The TAKE IT DOWN Act (Tools to Address Known Exploitation by Immobilizing Technological Deepfakes on Websites and Networks Act) is a United States federal law that criminalizes the nonconsensual publication of intimate imagery, including AI-generated deepfake content, and requires online platforms to remove such material within 48 hours of a valid request from a victim. Sponsored by Senators Ted Cruz (Republican of Texas) and Amy Klobuchar (Democrat of Minnesota), the bill passed both chambers of Congress with broad bipartisan support and was signed into law by President Donald Trump on May 19, 2025, as Public Law 119-12. First Lady Melania Trump championed the legislation as a signature priority of her "Be Best" initiative.[1][2][3] The law has two distinct components: criminal prohibitions that took effect on enactment and are enforced by the Department of Justice, and a notice-and-takedown mandate for "covered platforms" enforced by the Federal Trade Commission (FTC), which became binding one year later on May 19, 2026.[4][5][6]
The Act is one of the first federal statutes in the United States to directly target AI-generated nonconsensual intimate imagery. It was widely praised by victims' advocates as a long-sought federal criminal remedy, while civil-liberties groups including the Electronic Frontier Foundation (EFF) and the Cyber Civil Rights Initiative (CCRI) warned that its takedown system is vulnerable to abuse and could suppress lawful speech.[7][8][9]
Nonconsensual intimate imagery (NCII), sometimes called "revenge porn," refers to the distribution of sexually explicit or intimate images of a person without that person's consent. Before the TAKE IT DOWN Act, the United States had no comprehensive federal criminal statute covering NCII; enforcement depended on a patchwork of state laws that varied widely in scope and penalties. A 2022 reauthorization of the Violence Against Women Act created a federal civil cause of action for victims, codified at 15 U.S.C. 6851, but it provided no criminal penalty.[7][10]
The rapid spread of consumer generative AI tools sharpened the problem. Inexpensive "nudify" applications and image models made it possible to fabricate convincing explicit depictions of real people, including minors, from ordinary photographs.
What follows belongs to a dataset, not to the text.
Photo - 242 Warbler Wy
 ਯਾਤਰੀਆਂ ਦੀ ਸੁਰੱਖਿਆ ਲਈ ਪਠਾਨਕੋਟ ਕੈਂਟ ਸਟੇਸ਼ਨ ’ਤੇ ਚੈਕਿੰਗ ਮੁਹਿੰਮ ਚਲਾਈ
High-profile incidents, including AI-generated explicit images of the singer Taylor Swift that circulated on the platform X in January 2024, drew national attention and added political momentum behind a federal response. The TAKE IT DOWN Act addresses both authentic images and "digital forgeries," which the statute defines as intimate visual depictions created through machine learning, artificial intelligence, or other technological means that a reasonable person would find indistinguishable from an authentic depiction of the individual.[1][7][10]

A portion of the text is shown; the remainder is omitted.